Si une partie de la forte hausse des marchés de ce début d’année s’explique par une correction des excès du dernier trimestre 2018, il est incontestable que le tournant accommodant pris par les principales banques centrales en a constitué le catalyseur.

Olivier de Berranger, CIO, La Financière de l’Echiquier

Le vieil adage «don’t fight the Fed» semble ainsi de nouveau fonctionner. D’autant que la banque centrale américaine a tenu un discours plus «dovish» encore la semaine dernière.

Jerome Powell a commencé par indiquer que les membres de la Fed avaient été surpris par la récente forte dégradation des indicateurs économiques, alors que la banque centrale avait par ailleurs revu à la baisse ses objectifs de croissance pour 2019 (2,1% vs 2,3%) et 2020 (1,9% vs 2,0%). Il a également précisé percevoir plusieurs risques à même d’affaiblir encore davantage l’économie américaine, notamment les conflits commerciaux et le ralentissement économique mondial. Une prudence, couplée à une anticipation de ralentissement de l’inflation, qui justifie la révision à la baisse des projections de mouvements sur les taux directeurs en 2019. Une nette majorité des membres du FOMC (11 sur 17) n’anticipe ainsi plus aucune hausse de taux pour cette année. Certes, personne au sein de la Fed n’attend de baisse des taux directeurs, mais c’est là un important changement de cap puisque seuls deux membres envisagaient ce statu quo lors de la réunion de décembre. De plus, M. Powell a indiqué que le programme de réduction de la taille du bilan de la Fed serait interrompu à la fin du mois de septembre, au terme d’une diminution progressive.

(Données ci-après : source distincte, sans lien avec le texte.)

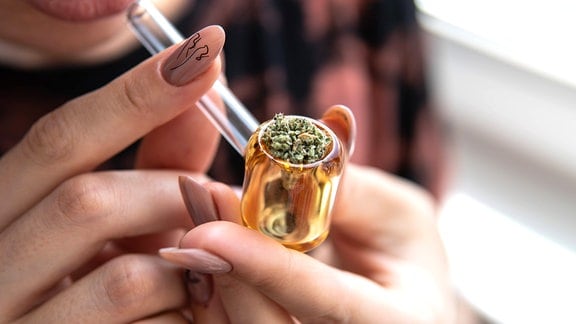 Frau raucht Pfeife mit Marihuana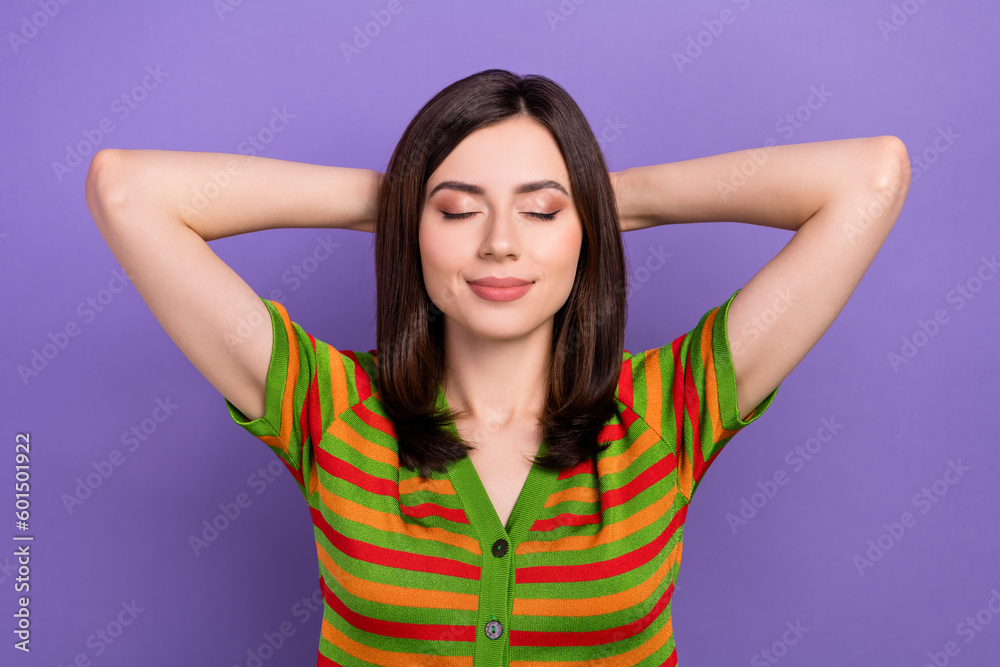 Portrait of cute good mood girl dressed striped cardigan holding arms behind head sleeping eyes closed isolated on violet background Portrait of cute good mood girl dressed striped cardigan holding arms behind head sleeping eyes closed isolated on violet background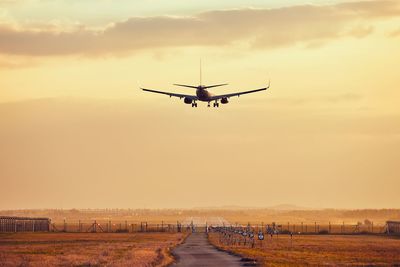 Airplane flying over road against sky during sunset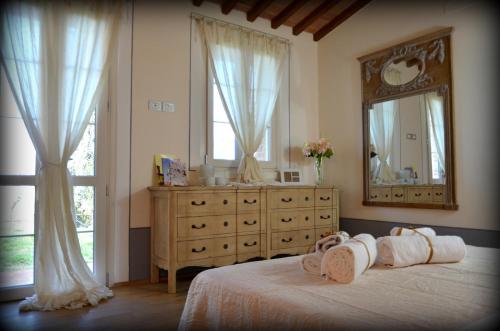 a bedroom with a bed with a dresser and a mirror at Elisabeth House in Lucignano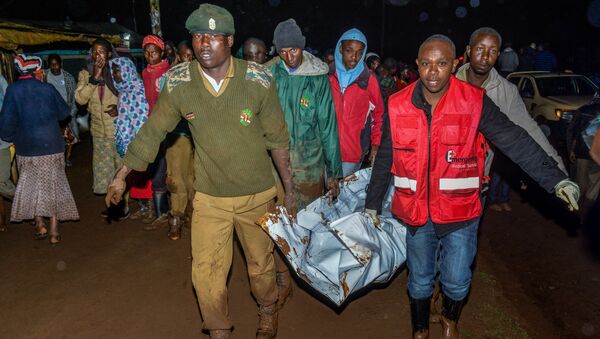 People carry a victim's body from a residential area after Patel dam burst its bank at Solai, about 40 kilometres north of Nakuru, Kenya, on May 10, 2018 - Sputnik International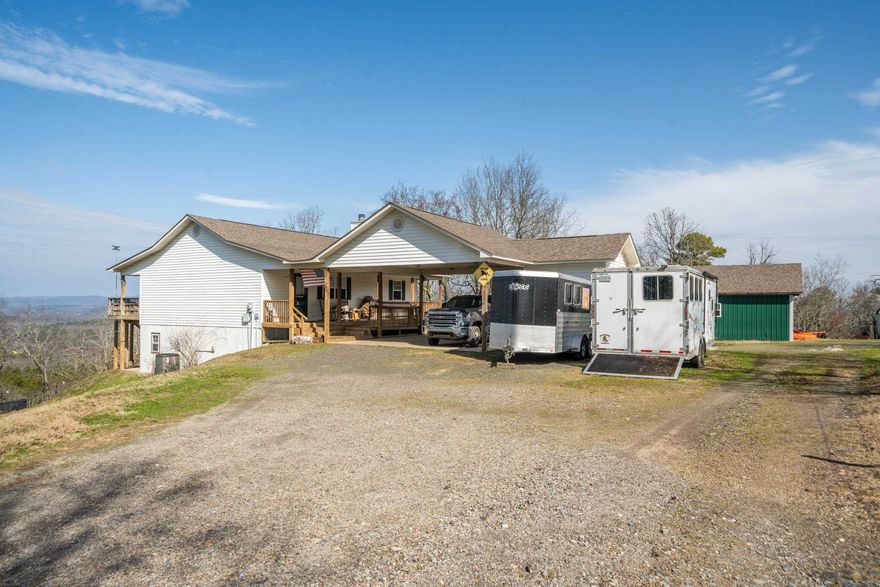 NOW is YOUR time to enjoy YOUR very own MOUNTAIN TOP HOME!  ENJOY the majestic views!  ENJOY the tranquility!  It's time for YOU to ENJOY!! If you're looking for country living close to Hot Springs National Park and Lake Catherine State Park, this home is for you!  City convenience yet located just outside the Hot Springs city limits!  Located in the gated Diamondhead South area.  Sprawling ranch style home with walk out basement!  Very open floor plan - spacious living with a cozy fireplace, plus Master suite up. Lower level: 2 Bedrooms  1 & 1/2 bath, laundry room, and game room all with lower level outside access. Attached 2 car carport and storage building. Separate Shop approx 20x40 1/2 enclosed and 1/2 covered/open. Acres 13 (MOL) Fenced and cross-fenced with water on demand in some pastures, chicken coop.  Breathtaking views, serene natural living. Don't miss this opportunity!!   Open house 6/7 CANCELLED due to weather.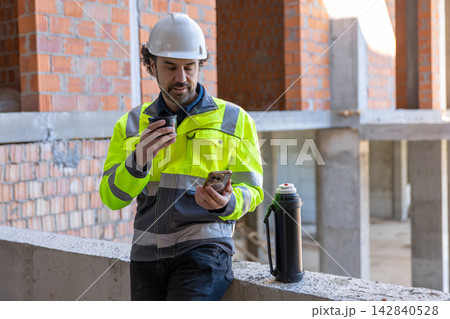 Male architect drinking hot beverage and using smartphone Male architect drinking hot beverage and using smartphone 142840528
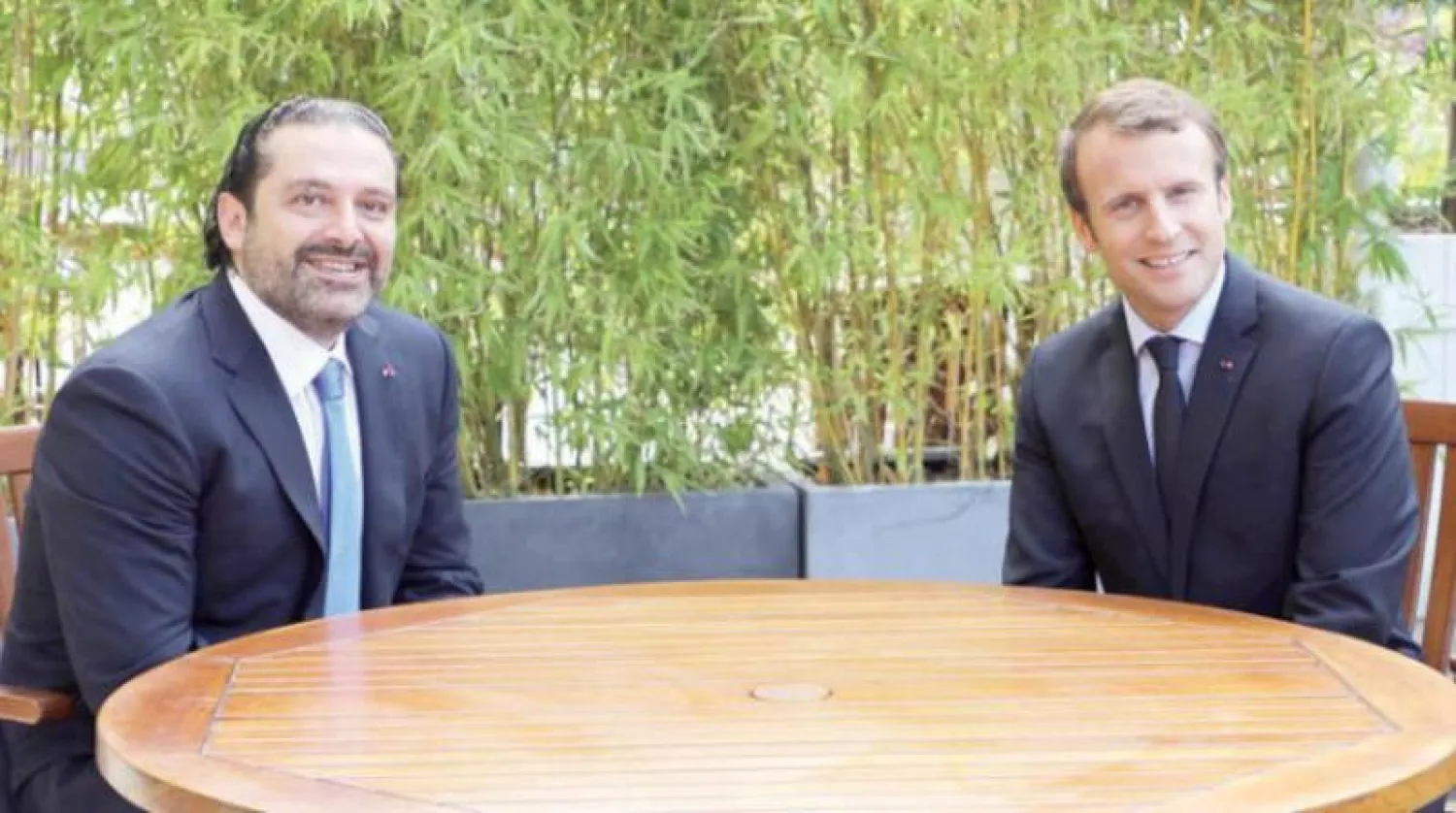 ماكرون والحريري خلال لقاء جمعهما في باريس مطلع سبتمبر (آ.ب)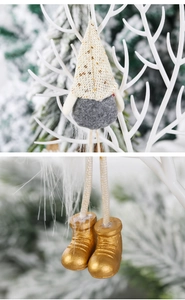 Detail of sequined knit hat and gold boots on a faceless Christmas gnome doll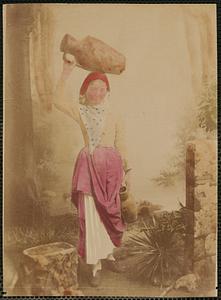 Studio portrait of woman holding pitchers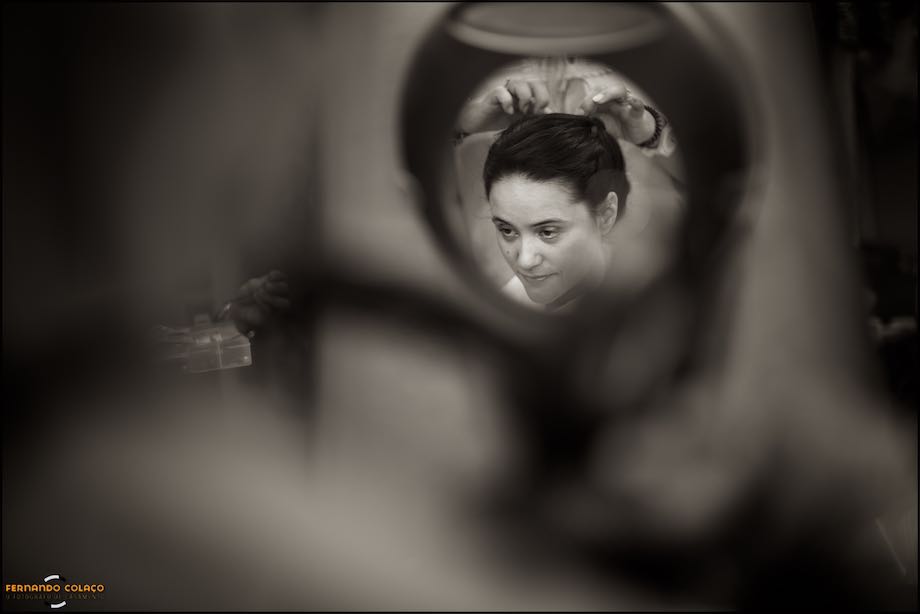 Cara da noiva, a preto e branco, num pequeno espelho de parede no cabeleireiro, no momento em que foi vista pelo fotógrafo de casamento.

Une Fed qui met un terme, temporairement en tout cas, à sa politique de normalisation monétaire, une Banque centrale européenne qui ne prévoit pas de la mettre en œuvre avant au moins 2020, une Banque du Japon et une Banque Populaire de Chine au diapason de ce ton très accommodant… une aubaine pour les marchés? En termes de réaction immédiate, incontestablement, les derniers mois l’ont démontré. A plus long terme, la donne est moins évidente. Les marchés actions ont d’ailleurs terminé la semaine nettement dans le rouge malgré ce nouvel assouplissement du discours de la Fed. Deux raisons essentielles à cela. D’une part,la politique et la géopolitique, avec une navigation à vue sur le Brexit et les conflits commerciaux, après les dernières déclarations de Donald Trump. Le président américain a en effet durci le ton envers Pékin, en expliquant que les tarifs douaniers instaurés sur les produits chinois resteront «en place pour une période conséquente». Il affirme vouloir être sûr que si un accord est conclu avec la Chine, «celle-ci le respectera».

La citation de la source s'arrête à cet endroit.